Rorate Caeli

Dear Cardinal Cupich: The implementation of Traditionis Custodes in the Archdiocese of Chicago

 Dear Cardinal Cupich:

I read, with obvious interest as a Catholic priest, your recent letter outlining how you propose to implement in your Archdiocese of Chicago Pope Francis’ Motu Proprio Traditionis Custodes.  In your letter you seem to have espoused a less than critical-- that term not in a negative sense—understanding of the latest Motu Proprio.  It seems like almost a puppet like reaction that shows no attempt to analyze, in a serious way, how the Motu Proprio relates to the reality of the liturgical state of the Church in the United States.  Surely one must be a thinking and discerning bishop to be faithful to the Tradition of the Church. Your own diocese contains flourishing communities in which the Traditional Roman Mass is celebrated regularly with great joy and faithfulness and with no animosity to those who celebrate Mass according to the Missal of Saint Pope Paul VI. 

There is no doubt, or there should be no doubt, as to the validity of the Order of Mass promulgated in 1970 and amended by Popes to the present day.  But as a bishop of the Church you are surely aware that there has been a rediscovery of the Traditional Roman Mass by at least two generation, which rediscovery has not--pace some sexa- and septa- and octagenerians in the hierarchy—been the cause of dissension and negativity within the Church.  If you talked to the many seminarians in many of our seminaries you would hear of their happiness in their discovery of the Traditional Roman Mass and their sincere hope of incorporating what they have discovered and using it in their priesthood without in any way disparaging the liturgy of the Mass of St. Paul VI. And if you spoke to the many families who have discovered faith and beauty in the Traditional Roman Mass, you would hear of the deepening of their Catholic faith and the joy that they experience at Sunday Mass. 

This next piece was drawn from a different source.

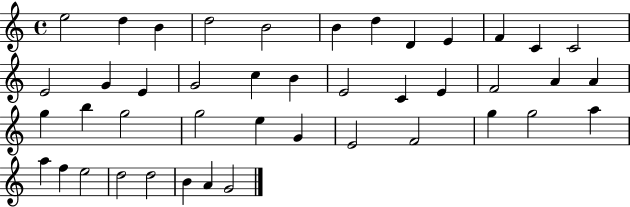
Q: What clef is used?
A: treble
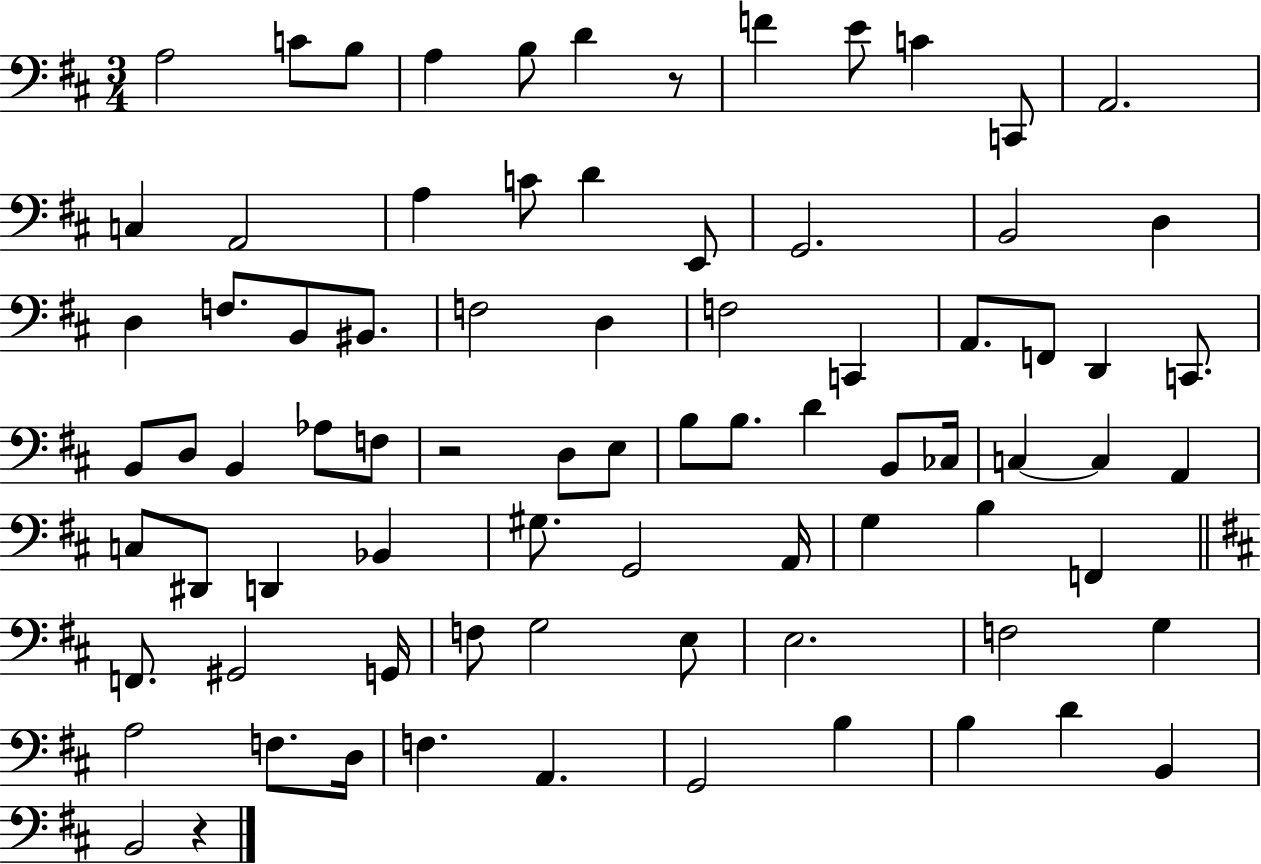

You claim without any discussion that the Traditional Roman Mass and the Mass of St. Paul VI are continuous.  What is your basis for this claim?  Perhaps this claim is advanced to ensure the validity of the Mass of Saint Pope Paul VI.  There can be no question of the validity of the Mass form of the Missal of St. Pope Paul VI that is used in the overwhelming majority of parishes throughout the world.  The Holy Spirit’s real and constant presence in the Church confirms this validity.   But if you were to study the two forms of the Mass thoroughly, you would find that it is indeed difficult if not impossible to claim a continuity between the two forms of Mass, the Traditional Roman Mass and the Mass of St. Pope Paul VI.  I celebrate both forms of the Mass, and to assert a continuity in any real sense between the two forms has no basis in reality.  I hope you investigate the many studies of the two forms used today in the Roman rite that use real data to show that the two forms are indeed not all continuous in any real sense.  

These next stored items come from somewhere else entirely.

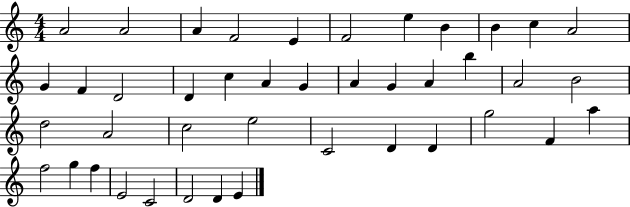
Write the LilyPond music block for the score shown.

{
  \clef treble
  \numericTimeSignature
  \time 4/4
  \key c \major
  a'2 a'2 | a'4 f'2 e'4 | f'2 e''4 b'4 | b'4 c''4 a'2 | \break g'4 f'4 d'2 | d'4 c''4 a'4 g'4 | a'4 g'4 a'4 b''4 | a'2 b'2 | \break d''2 a'2 | c''2 e''2 | c'2 d'4 d'4 | g''2 f'4 a''4 | \break f''2 g''4 f''4 | e'2 c'2 | d'2 d'4 e'4 | \bar "|."
}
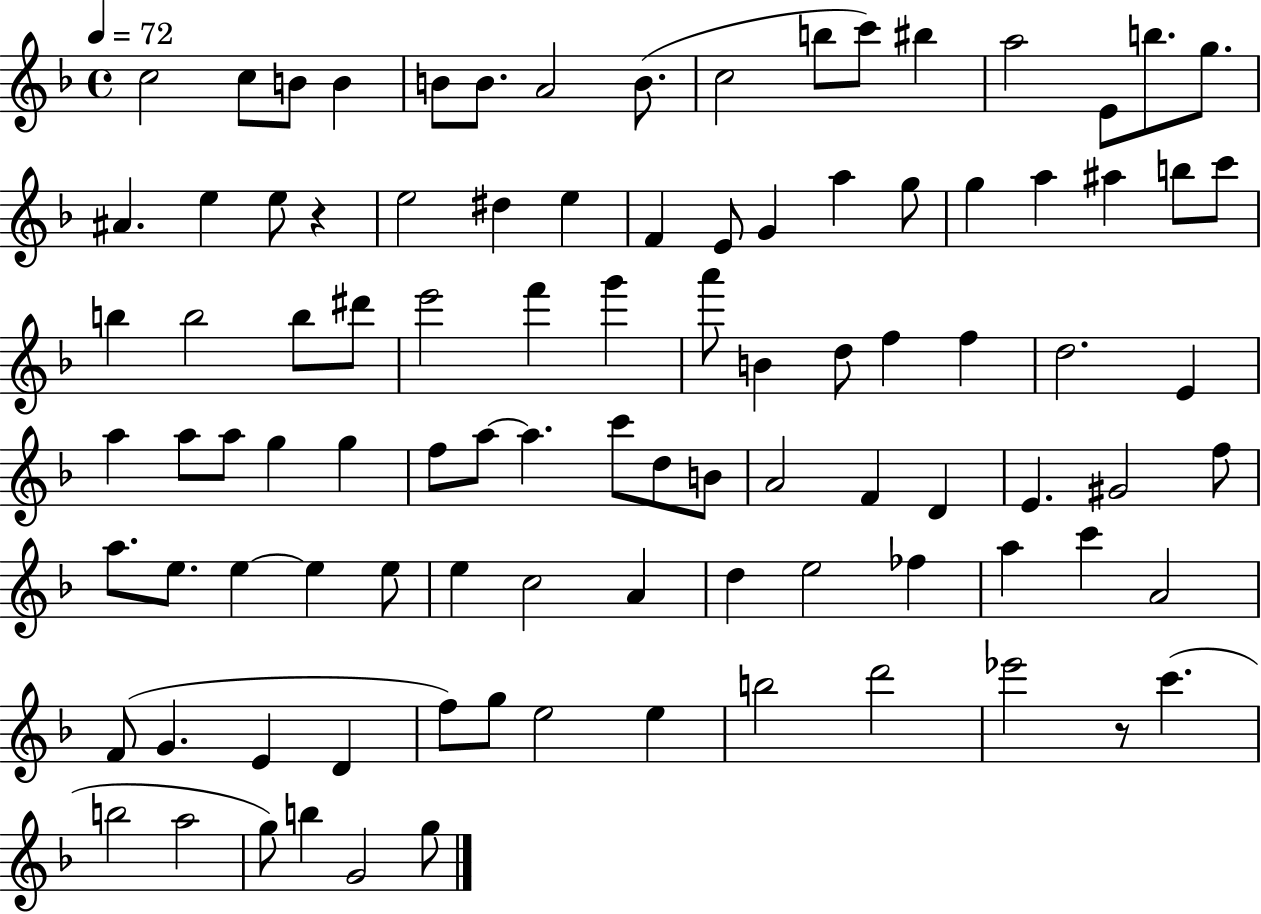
X:1
T:Untitled
M:4/4
L:1/4
K:F
c2 c/2 B/2 B B/2 B/2 A2 B/2 c2 b/2 c'/2 ^b a2 E/2 b/2 g/2 ^A e e/2 z e2 ^d e F E/2 G a g/2 g a ^a b/2 c'/2 b b2 b/2 ^d'/2 e'2 f' g' a'/2 B d/2 f f d2 E a a/2 a/2 g g f/2 a/2 a c'/2 d/2 B/2 A2 F D E ^G2 f/2 a/2 e/2 e e e/2 e c2 A d e2 _f a c' A2 F/2 G E D f/2 g/2 e2 e b2 d'2 _e'2 z/2 c' b2 a2 g/2 b G2 g/2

I have used the following analogy a number of times. It is not “scientific” nor “theological”. But yet it lays bare in lay terms the question of continuity of the Traditional Roman Mass and the Mass of St. Pope Paul VI. If one published a new version of David Copperfield, the novel by Charles Dickens, and removed half of the chapters and added several new chapters, could one really say that that this new version is the novel, David Copperfield? The answer is obvious. The same holds true for the Roman Missal of 1962 and the Roman Missal of 1970

Cardinal Cupich: perhaps you personally know nothing about the Traditional Roman Mass and have never celebrated Mass according to the many missals through fifteen hundred years that have embodied this Rite.  If this is the case, you should learn the Traditional Roman Mass and celebrate it, and then come to a conclusion as to the continuity of the two Rites of Mass.  

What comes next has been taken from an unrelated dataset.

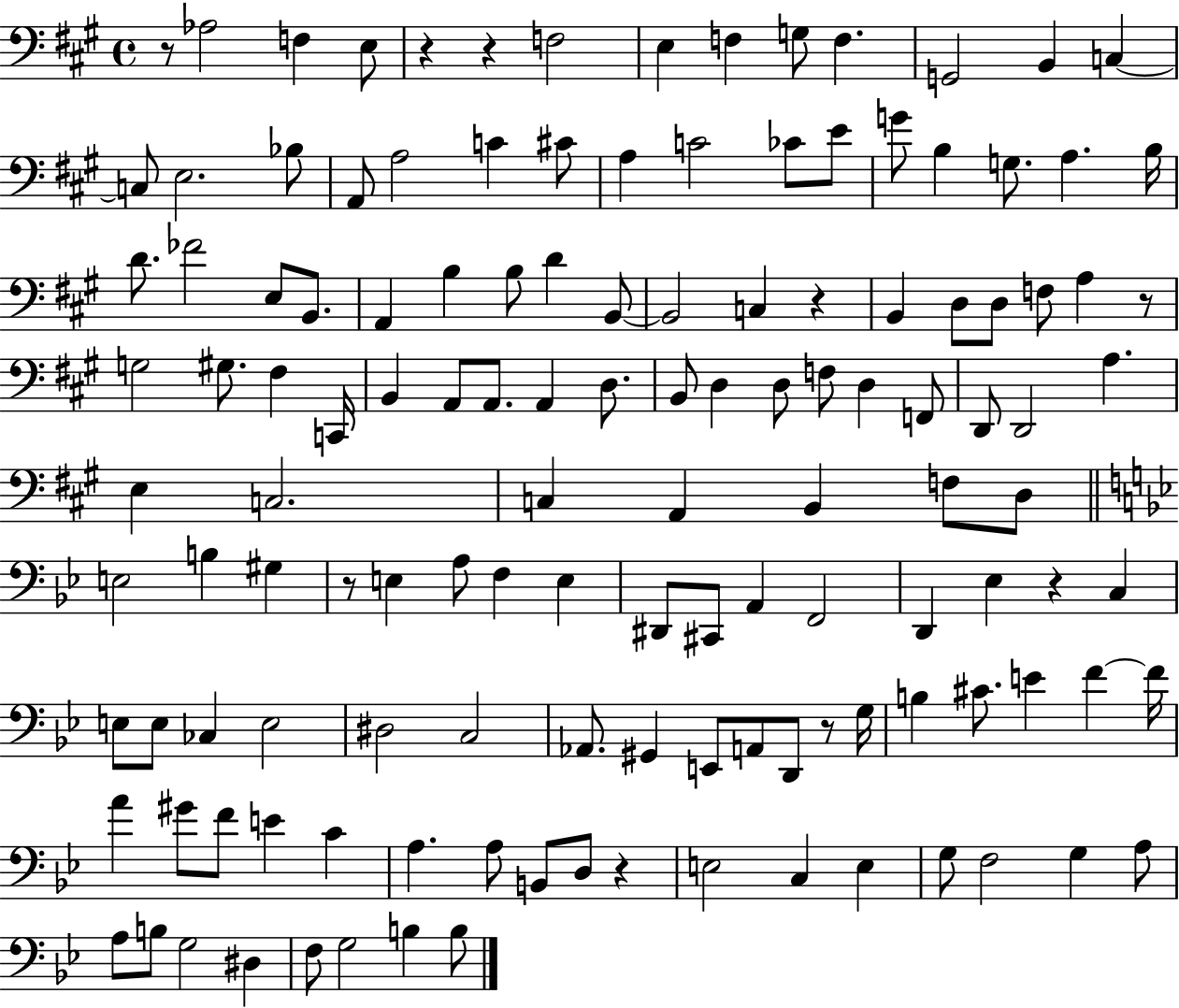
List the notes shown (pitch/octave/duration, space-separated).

Much depends on what you decide to do in the Archdiocese of Chicago in the implementation of Pope Francis’ Motu Proprio Traditionis Custodes.  You have the opportunity to be a true bridge that will allow the Liturgy of the Catholic Church to not only flourish in a true openness to the past, the present and the future, but also to reverse that parlous decline of the real presence of the Catholic faith in a world that needs to hear the Gospel of Jesus Christ in Truth, Goodness and Beauty.